Just saw your reply to my comment today. Happy to chat some more if you’d like. As I hope I got across to Michael, I’m completely fine with the premise of pointing out what you guys think is an odd anomaly in early season ATS pick performance from a group of popular numbers-driven prediction sites, and I do think there is some interesting stuff here in terms of the analysis Michael did.
Obviously sites like TR, FO, and NF are under the microscope because we sell our picks, so the fact that two of those three seem to be doing quite poorly and one is 45% ATS picking all 100 or so games so far this year is probably newsworthy to some degree, sure. (Selfishly, I’m annoyed we were grouped in with two sites doing significantly worse than us so far, but oh well.) However, the basic takeaway — that because two of the grand total of three numbers-driven prediction services whose early season results you happened to look at appear destined for a sub-50% season for one type of betting pick in one sport, “It could be a sign that these websites aren’t all they’re cracked up to be” — is a misleading and uninformed generalization.
More thoughts here:
- First of all, TeamRankings is no more similar to Football Outsiders than Deadspin is to ESPN. Our methods are not the same. We both use data to predict games, kind of like how you and ESPN both use words to write about sports. Lumping us all together into “these websites” is pretty silly, and certainly not something I’d expect from an analytics-themed blog that I would hope would actually be interested in learning and writing about how sites like TR and NF and FO approach the challenge of data-driven game prediction in unique and innovative ways.

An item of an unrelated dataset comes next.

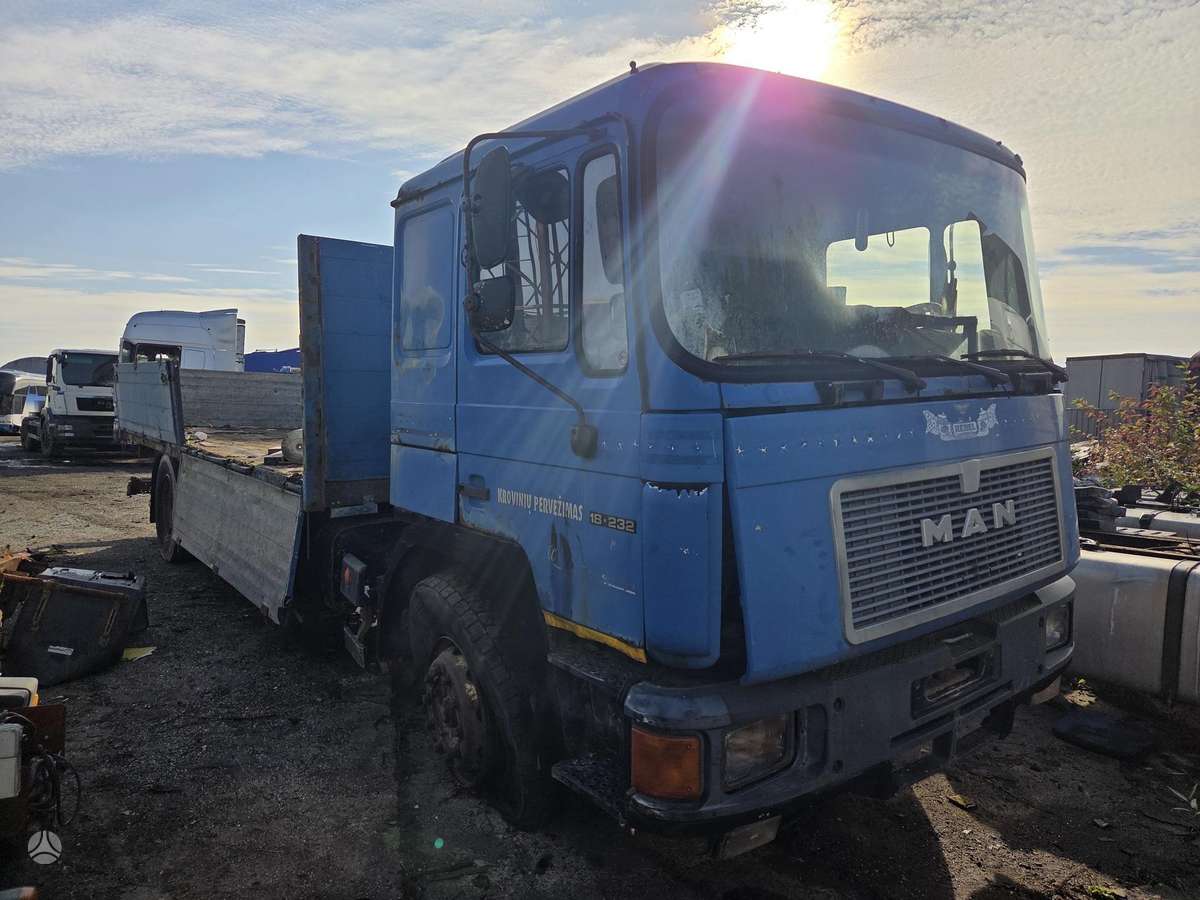 MAN 18.232, trucks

Sentences like that one above read like some sports radio jock referring to “all those propeller head stats guys.” You guys need to set the bar higher than that.

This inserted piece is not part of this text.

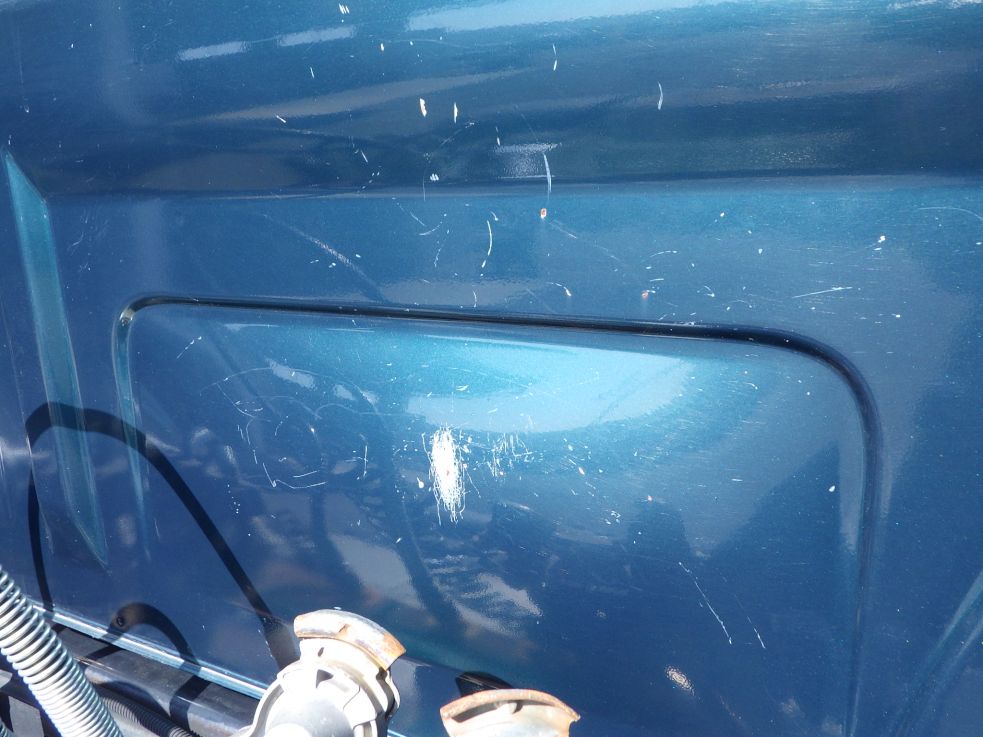 キャブ後方にキズがあります。|日野 プロフィア QPG-SH1EDDGの写真27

- What are we “cracked up to be” exactly? We’d be the first people to tell you that NFL spreads are probably some of the more efficient lines in the betting marketplace, and that we’d expect much more value to be found in other sports or types of bets. And even though we’ve done pretty well in recent years with them, our NFL spread picks are just one small part of our service. You want to maximize your ROI from sports gambling? Get in as many office pools as you can. And use our office pool analytics to win them.
- Are TR, NF, and FO truly a representative sample of all the various stat-driven methods being used to bet on NFL spreads today? The next two “professional” services mentioned in the article are apparently doing pretty well, which weakens that assumption. Also, take a look at The Prediction Tracker, where it appears that a number of quantitative predictors are actually beating NFL spreads so far this year. Finally, including Greg Matthews in the data set is arbitrary, even though he’s a nice guy and a smart dude. I’d guess there are at least several hundred other Greg Matthews types out there using math and data to build systems to try to beat NFL point spreads, and you’re sampling one of them. In summary, you’re making these broad statements (“if you’ve used statistics websites for your NFL picks, you’ve had an unsuccessful Fall”) when in reality, it may be just selection bias.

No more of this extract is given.